Gli individualismi in un gruppo non danno importanza, rischiano solo di essere deleteri
Le
associazioni nascono esattamente con questo scopo, tenere insieme, vicini i propri associati affinché possano confrontarsi intorno agli scopi comuni, per uno o più obiettivi condivisi che più facilmente potranno essere raggiunti grazie all’unità di intenti e alla
cooperazione di tutti.
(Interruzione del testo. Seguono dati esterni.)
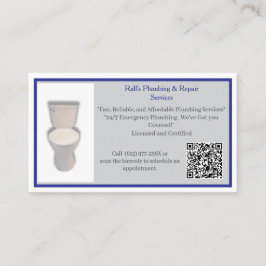 Grey Plumber Plumbing Services Toilet  Visitenkarte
Come mai, però, quando ci si ritrova insieme, dopo che per scelta personale si è deciso di aderire ad un gruppo omogeneo, rimangono tante - troppe - voci “fuori dal coro” che neanche vogliono stare ad ascoltare il pensiero altrui o comune, tendendo esclusivamente ad affermare il proprio?
Una domanda che in politica e nelle istituzioni trova risposta nella poltrona da acquisire o mantenere; ma nella vita associativa - dove molto spesso le poltrone sono prevalentemente oneri di impegno e sacrificio, proprio non è dato capire. Forse qualcuno pensa che affermando (e a volte tentando di imporre) le proprie intenzioni si acquisisca maggiore importanza e considerazione, senza rendersi conto che, in realtà, all’interno di un gruppo gli
individualismi rischiano poi di essere deleteri.
Il confronto nasce dall’esposizione e dall’ascolto del parere di tutti, sull’obiettivo comune, cui deve seguire una
strategia condivisa per il suo raggiungimento. Ovviamente ognuno è libero di pensarla come crede, ma se l’obiettivo è comune ci si aspetta che le riflessioni siano convergenti e non divergenti; che gli sforzi siano orientati tutti verso una direzione univoca, non contrastanti. Non c’è spazio per i personalismi; bisogna avere l’umiltà di accettare che tra tutti ci sarà sempre qualcuno che la pensa diversamente, qualcuno che ne sa più di noi, qualcuno che per primo ha la giusta intuizione, ma poi
insieme bisogna trovare la quadra che,
una volta condivisa, deve essere accettata.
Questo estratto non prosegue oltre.